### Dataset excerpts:
^^^^

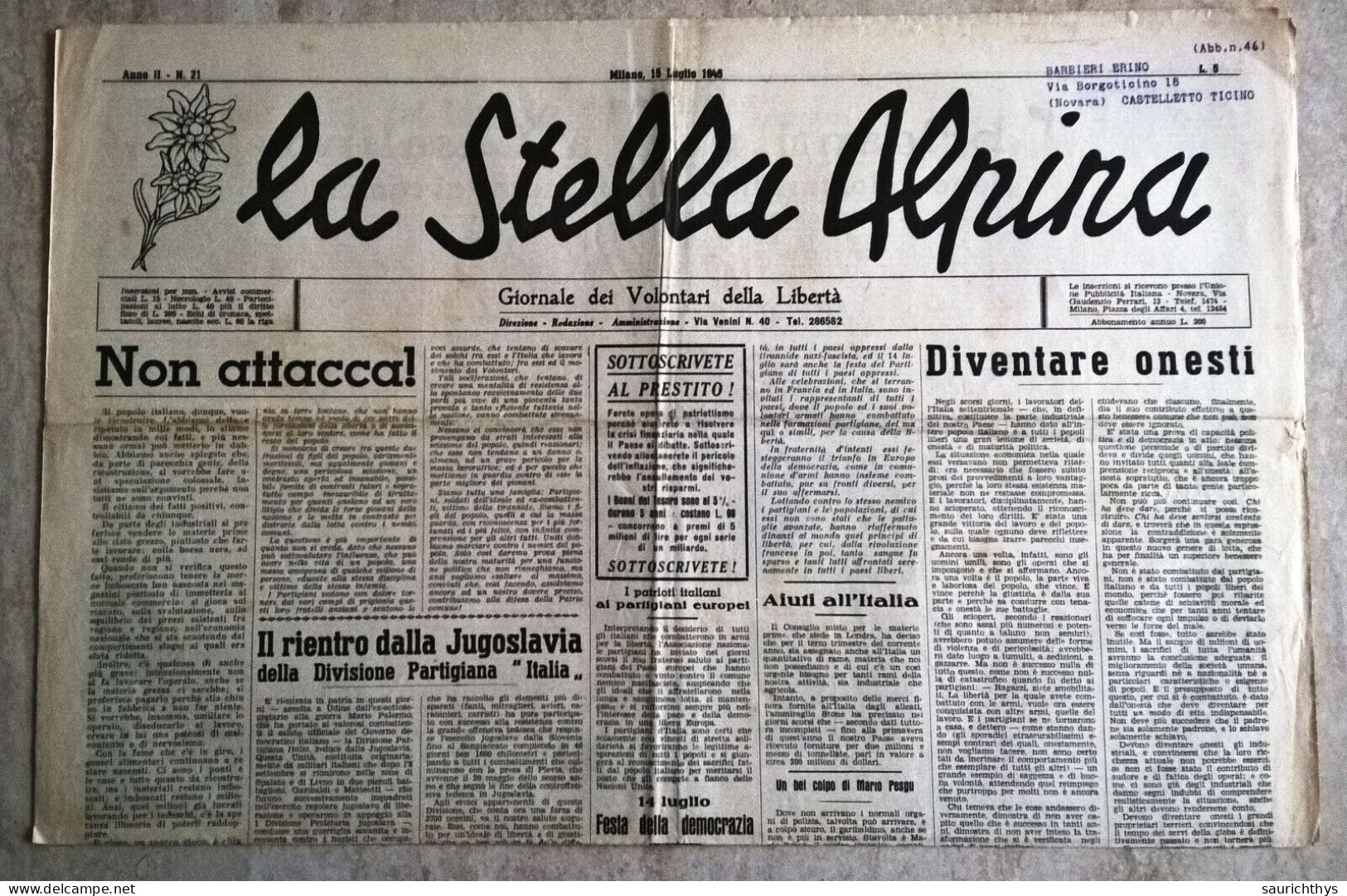 La Stella Alpina Giornale Dei Volontari Della Libertà Anno II N. 21 Milano 1945 Partigiani Casalino Resistenza RSI - Guerre 1939-45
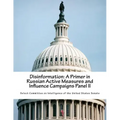 Disinformation: A Primer in Russian Active Measures and Influence Campaigns Panel II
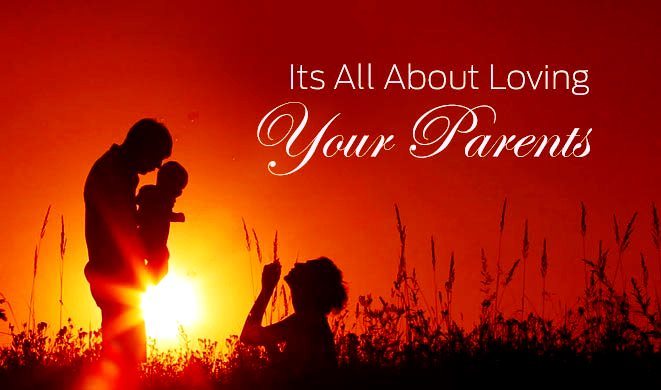 Its All About Love Your Parents - Happy Parents Day
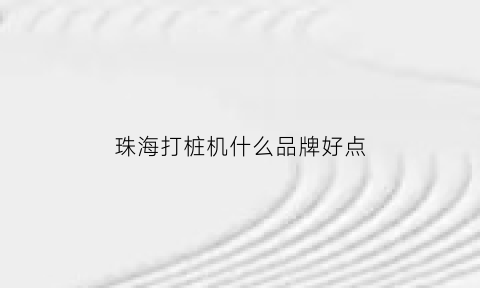 珠海打桩机什么品牌好点(珠海打桩机打桩公司电话)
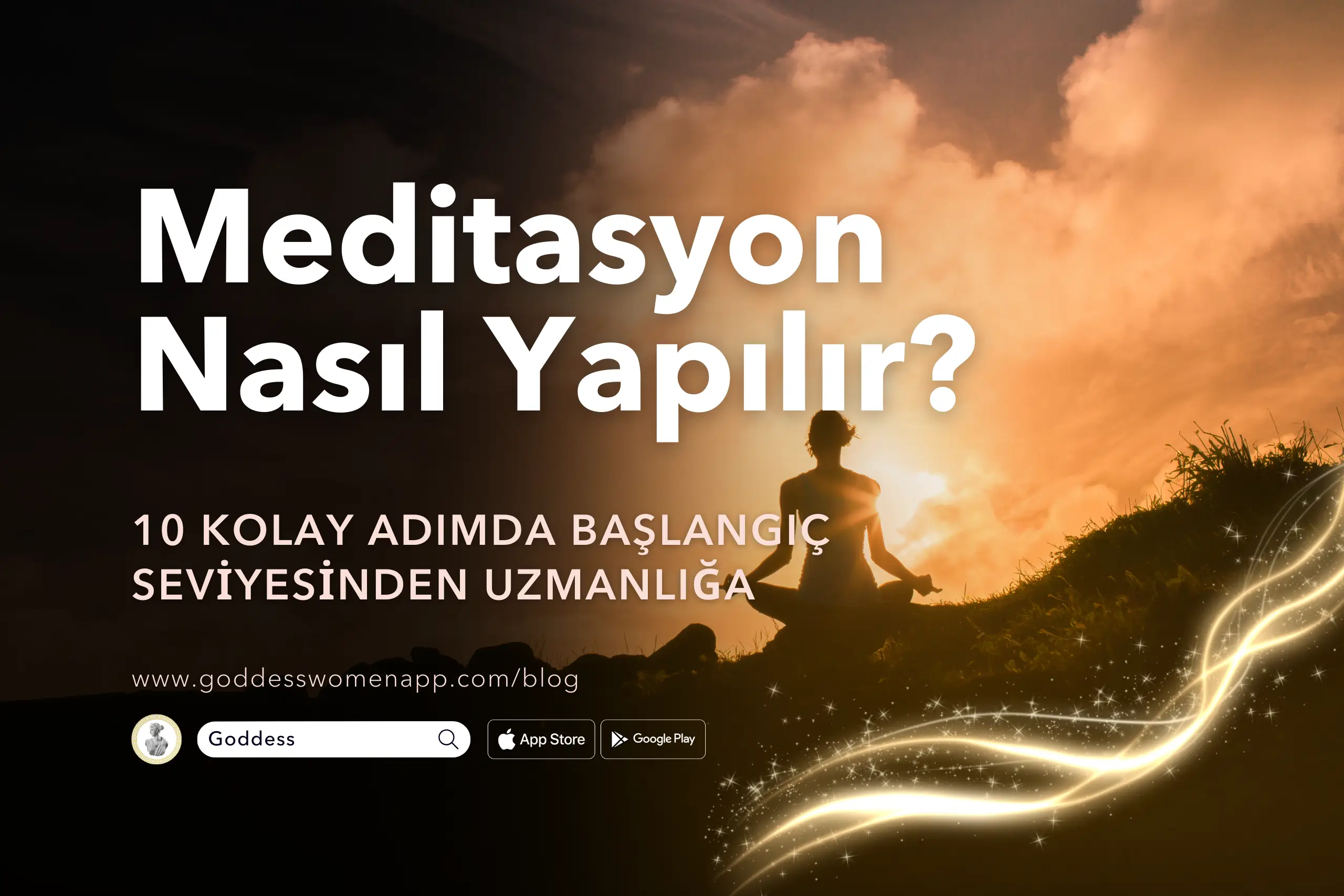 Meditasyon Nasıl Yapılır: 10 Kolay Adımda Başlangıç Seviyesinden Uzmanlığa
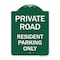 Signmission Reserved Parking Private Road Resident Parking Only, Green & White Architectural, GW-1824-23043 A-DES-GW-1824-23043 - alternate 1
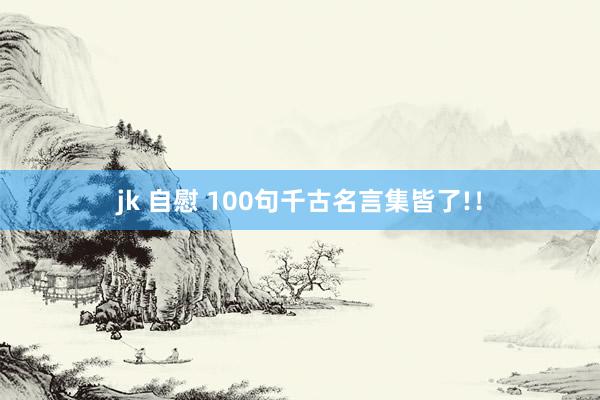 jk 自慰 100句千古名言集皆了!！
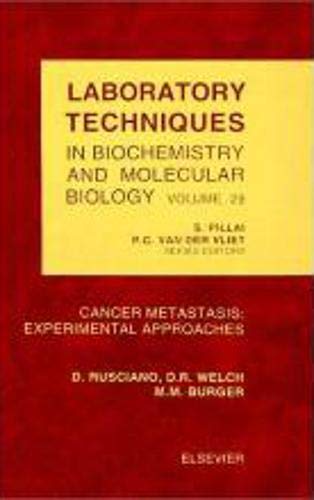 9780444823724: Cancer Metastasis: Experimental Approaches (Volume 29) (Laboratory Techniques in Biochemistry and Molecular Biology, Volume 29)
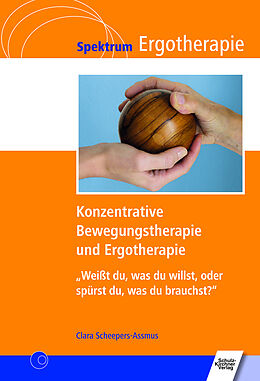 Fester Einband Konzentrative Bewegungstherapie (KBT) und Ergotherapie von Clara Scheepers-Assmus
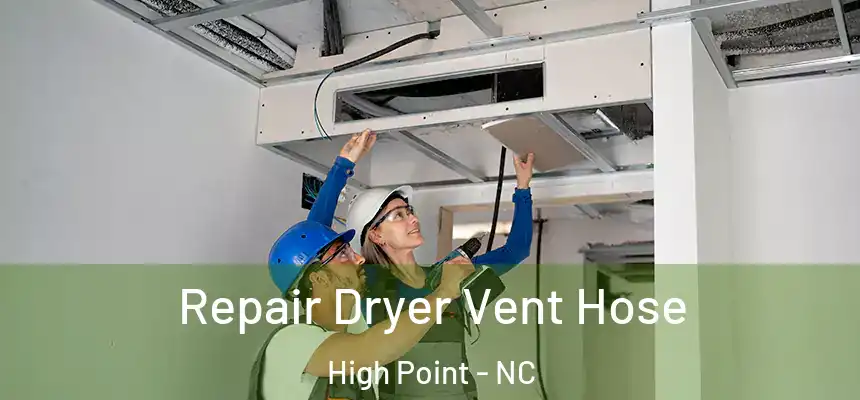  Repair Dryer Vent Hose High Point - NC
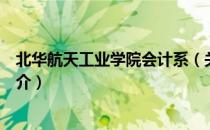 北华航天工业学院会计系（关于北华航天工业学院会计系简介）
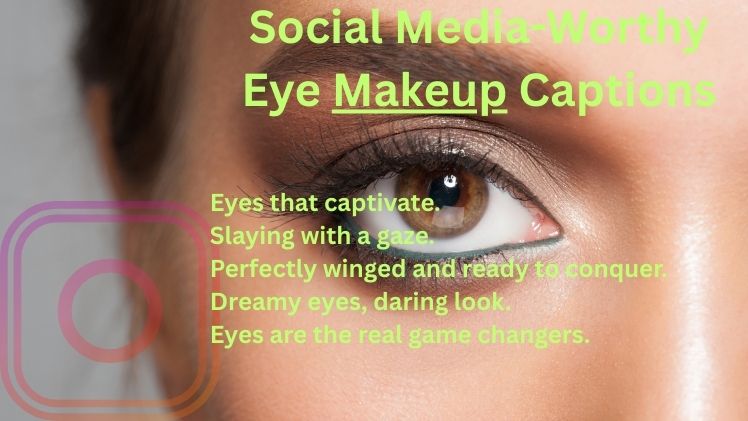 Social Media-Worthy Eye Makeup Captions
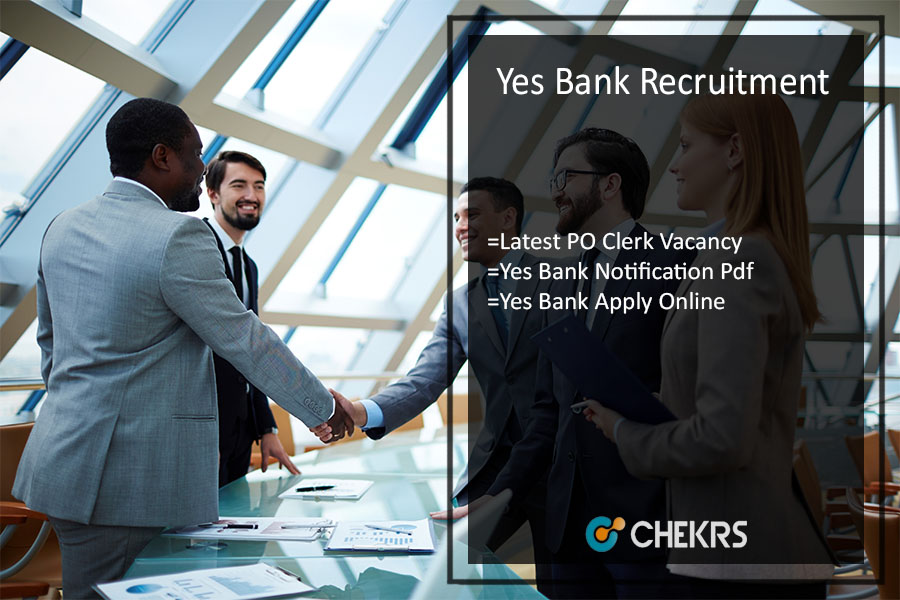 Yes Bank Recruitment 2022 Apply Online- Latest PO Clerk Vacancy Notification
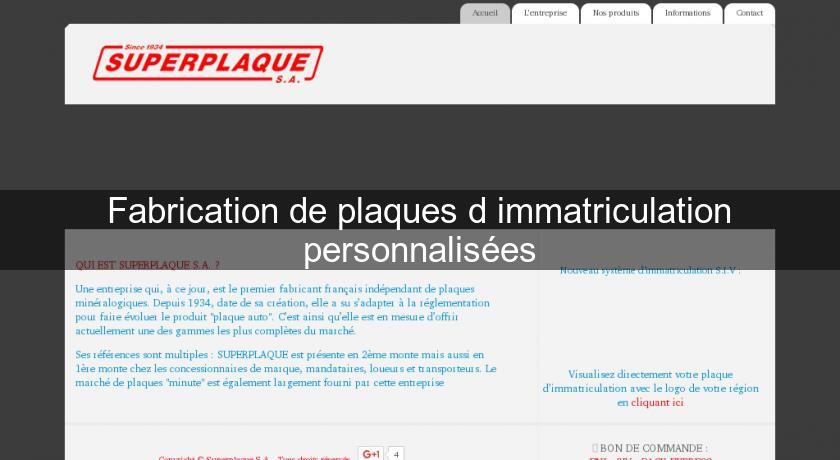 Fabrication de plaques d'immatriculation personnalisées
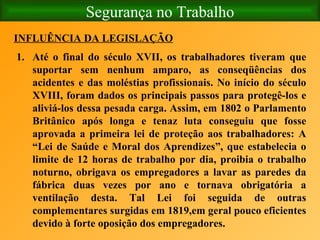 Segurança no Trabalho INFLUÊNCIA DA LEGISLAÇÃO   Até o final do século XVII, os trabalhadores tiveram que suportar sem nenhum amparo, as conseqüências dos acidentes e das moléstias profissionais. No início do século XVIII, foram dados os principais passos para protegê-los e aliviá-los dessa pesada carga. Assim, em 1802 o Parlamento Britânico após longa e tenaz luta conseguiu que fosse aprovada a primeira lei de proteção aos trabalhadores: A “Lei de Saúde e Moral dos Aprendizes”, que estabelecia o limite de 12 horas de trabalho por dia, proibia o trabalho noturno, obrigava os empregadores a lavar as paredes da fábrica duas vezes por ano e tornava obrigatória a ventilação desta. Tal Lei foi seguida de outras complementares surgidas em 1819,em geral pouco eficientes devido à forte oposição dos empregadores. 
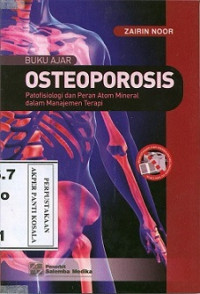 Image of Buku ajar osteoporosis: patofisiologi serta peran atom mineral dalam manajemen terapi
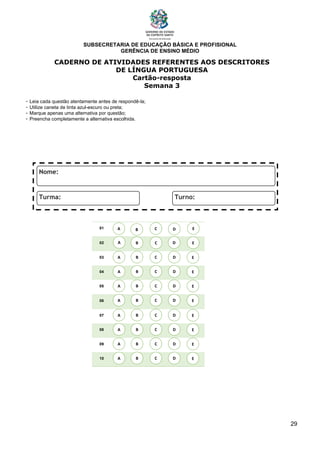 SUBSECRETARIA DE EDUCAÇÃO BÁSICA E PROFISIONAL
GERÊNCIA DE ENSINO MÉDIO
29
CADERNO DE ATIVIDADES REFERENTES AOS DESCRITORES
DE LÍNGUA PORTUGUESA
Cartão-resposta
Semana 3
- Leia cada questão atentamente antes de respondê-la;
- Utilize caneta de tinta azul-escuro ou preta;
- Marque apenas uma alternativa por questão;
- Preencha completamente a alternativa escolhida.
01
02
03
04
05
06
07
08
09
10
A B C E
D
A
A
A
A
A
A
A
A
B
B
B
B
B
B
B
B
C
C
C
C
C
C
C
C
D
D
D
D
D
D
D
D
E
E
E
E
E
E
E
E
A B C E
D
 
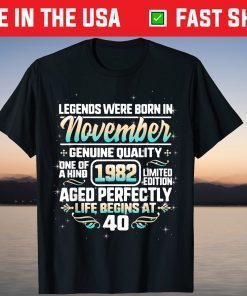 Legends Were Born In November 1982 Life Begins At 40 Years T-Shirt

^^^^

### Problem description:
From the entries, report every line in which the string "alternativa" occurs.

### Result for this task:
- Marque apenas uma alternativa por questão;
- Preencha completamente a alternativa escolhida.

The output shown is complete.